Infatuation has an element of sexual excitement. Whenever you are together you hope it will end in intimacy. Love is not based on sex. It is the maturation of friendship that makes sex so much sweeter. You must be friends before you can be lovers.

Infatuation lacks confidence. When he’s away, you wonder if he is cheating. Sometimes you check.

Love means trust. You are calm, secure and unthreatened. He feels your trust, and it makes him even more trustworthy.

Infatuation might lead you to do things you will regret, but love never steers you in the wrong direction.

Love is elevating. It lifts you up. It makes you look up. It makes you think up. It makes you a better person than you were before.”


----------



## J needs help

Question - What do you want out of this marriage? Do you want kids? Re: Sex - Do you enjoy sex or is the sex so lame you can't bother with it? Did you not have sex with him before you got married? To me it seems you would rather be single spending money where and whenever you want. 

There are 3 things that are deal breakers when it comes to marriage 

Sex , Money and Religion ....... These are the most important issues to figure pre-marriage....

"Marriage doesn't fail, people fail marriage" 

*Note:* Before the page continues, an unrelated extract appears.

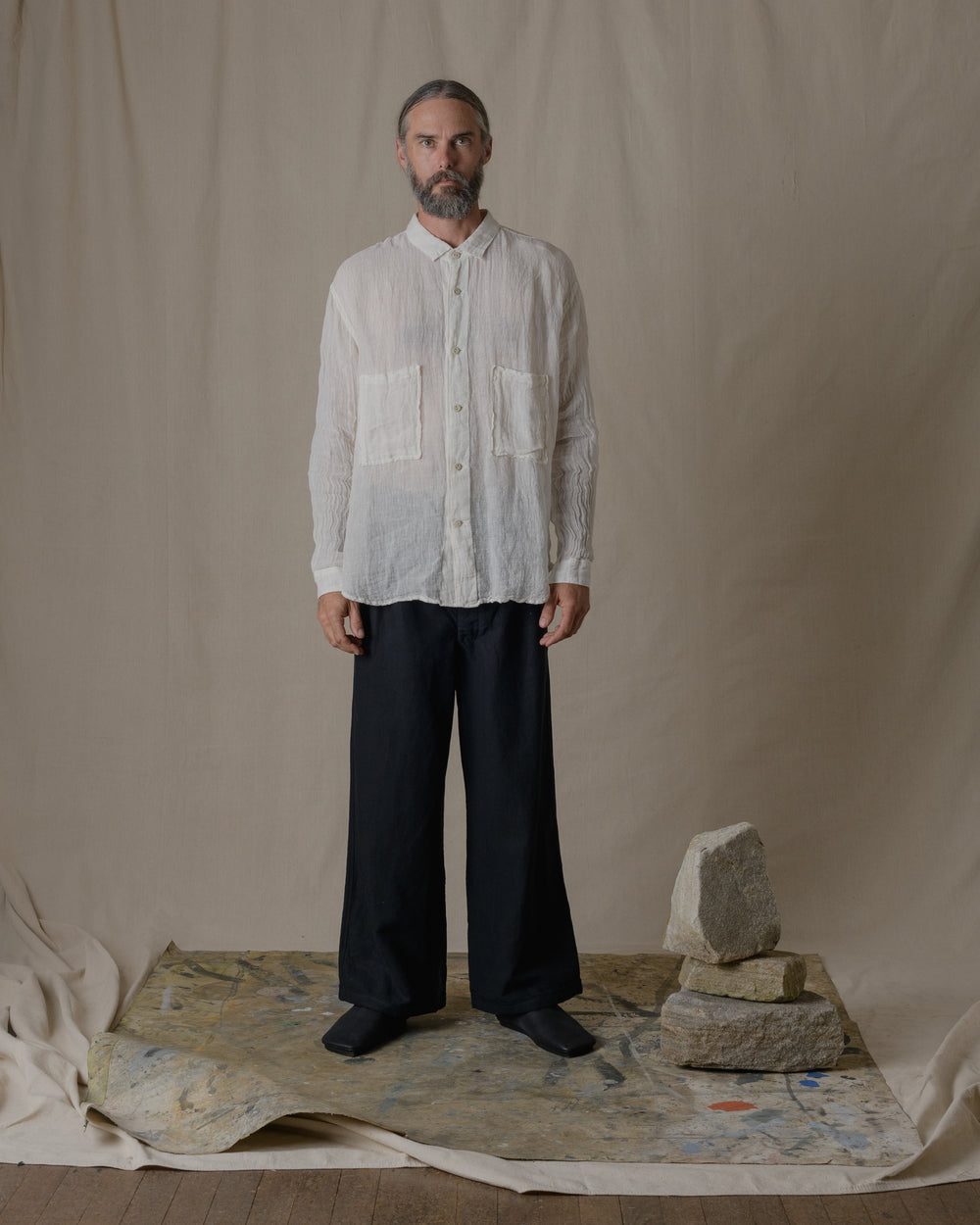 Unisex Wide Long Sleeves Shirt Linen Gauze in Off White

You should be honest with him and tell him you really don't love him and are considering a divorce..... But have you really tried to to work on these issues or is it that you don't care too?

Unfortunately with marriage comes alot of compromise and work... I know that from my experience. My wife sounds like you a bit, besides the point of wanting a divorce...


----------



## keke1

Hello,

I just wanted to know how your story turned out.....


----------